岩崎かよは山梨県の紡績工場で働いていましたが子どもを宿したため単身で故郷の静岡県に戻りきみを生みました。明治36年(1903年)に北海道に渡り鈴木志郎らと留寿都の平民社農場に入植することになりましたが、幼い娘を連れて行くことは困難と考えきみを養女に出しました。かよと志郎は明治39年(1906年)に結婚しています。
きみを養女に迎えたのが函館に在住していたアメリカ人宣教師のヒュエット夫妻でした。やがてヒュエット夫妻は本国に戻ることになりましたが、きみは結核にかかり渡米することができず東京の麻布の鳥居坂にあった鳥居坂教会の孤児院「永坂孤女院」に預けらました。かよはきみがヒュエット夫妻と一緒に渡米したと思い込んでいたため、きみは母かよと会うこともできず9歳で他界しました。きみの青山墓地に埋葬されました。墓にはきみの戸籍上の名前である佐野きみが刻まれています。
かよは鈴木志郎と結婚後に札幌に移住しましたが隣に住んでいた野口雨情夫妻と懇意になりました。野口雨情はかよからきみの話を聞いて大正10年(1921年)に「赤い靴」を作詞したとされています。「赤い靴」は児童雑誌「小学女生」で発表され、大正11年(1922年)に本居長世が曲をつけて童謡となりました。
「赤い靴」の歌詞は4番までですが昭和53年(1978年)に発見された草稿には5番が記されていました。 「赤い靴」の歌詞はきみの死を知らないかよの話から作詞されていますから、きみは渡米したことになっています。
5)生まれた 日本が 恋しくば
青い海眺めて ゐるんだらう
異人さんに たのんで 帰って来
さて上述が「赤い靴」の歌詞の定説とされていますが、この話は北海道テレビ記者の菊池寛の調査によるものです。菊池は昭和48年(1973年)にきみの異父妹の岡そのが新聞に投書した「私の姉は赤い靴の女の子」の記事を見て「赤い靴」の調査を開始しました。

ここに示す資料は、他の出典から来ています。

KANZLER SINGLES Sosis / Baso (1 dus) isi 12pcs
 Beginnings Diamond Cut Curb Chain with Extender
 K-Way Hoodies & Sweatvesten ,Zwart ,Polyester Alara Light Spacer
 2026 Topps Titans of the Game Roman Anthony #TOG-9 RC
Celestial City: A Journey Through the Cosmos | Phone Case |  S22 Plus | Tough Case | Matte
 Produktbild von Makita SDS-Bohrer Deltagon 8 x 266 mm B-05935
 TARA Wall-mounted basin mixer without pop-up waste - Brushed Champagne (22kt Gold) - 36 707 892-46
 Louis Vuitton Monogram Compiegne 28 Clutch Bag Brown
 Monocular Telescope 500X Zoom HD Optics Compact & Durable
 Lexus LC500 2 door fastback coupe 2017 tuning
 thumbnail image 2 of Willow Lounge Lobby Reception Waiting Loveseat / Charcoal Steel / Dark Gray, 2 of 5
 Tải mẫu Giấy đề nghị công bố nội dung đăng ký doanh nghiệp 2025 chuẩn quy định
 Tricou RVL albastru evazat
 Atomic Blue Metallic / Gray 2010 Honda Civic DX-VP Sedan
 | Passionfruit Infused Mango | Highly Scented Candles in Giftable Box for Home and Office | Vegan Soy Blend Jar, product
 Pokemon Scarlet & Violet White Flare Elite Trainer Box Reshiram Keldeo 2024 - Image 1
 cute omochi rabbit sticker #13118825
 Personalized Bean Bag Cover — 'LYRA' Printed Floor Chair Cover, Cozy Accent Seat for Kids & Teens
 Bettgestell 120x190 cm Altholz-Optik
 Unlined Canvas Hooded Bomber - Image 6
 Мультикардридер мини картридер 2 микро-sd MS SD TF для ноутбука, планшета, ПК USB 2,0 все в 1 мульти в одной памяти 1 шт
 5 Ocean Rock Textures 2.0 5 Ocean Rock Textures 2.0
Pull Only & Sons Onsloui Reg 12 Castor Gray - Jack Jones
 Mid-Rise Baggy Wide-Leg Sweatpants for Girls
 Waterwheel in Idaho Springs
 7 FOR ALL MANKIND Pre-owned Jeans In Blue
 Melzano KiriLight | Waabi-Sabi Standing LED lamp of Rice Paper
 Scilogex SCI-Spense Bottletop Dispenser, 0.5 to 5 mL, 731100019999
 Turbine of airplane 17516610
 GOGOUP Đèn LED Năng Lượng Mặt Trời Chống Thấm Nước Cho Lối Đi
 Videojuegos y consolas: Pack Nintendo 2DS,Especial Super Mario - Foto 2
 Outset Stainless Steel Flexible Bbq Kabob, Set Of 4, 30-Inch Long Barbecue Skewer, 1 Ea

菊池の調査に基づいて昭和53年(1978年)に北海道放送で「ドキュメント・赤い靴はいてた女の子」が放送されました。昭和54年(1979年)に発表した小説「赤い靴はいてた女の子」(現代評論社刊)を発表し、この小説の記述が定説になりました。
この定説には反論もあり「赤い靴」の物語は真実ではなく捏造だったという指摘もあります。きみは北海道には行っていない、ヒュエット夫妻はきみを養女にしていない、きみを引き取った佐野がかよを安心させるために嘘をついたなどの説があります。しかし、岡そのの投書やきみの墓は青山霊園の鳥居坂教会の墓地に残されています。この物語の下地になった何らかの事実があったことは間違いないと思います。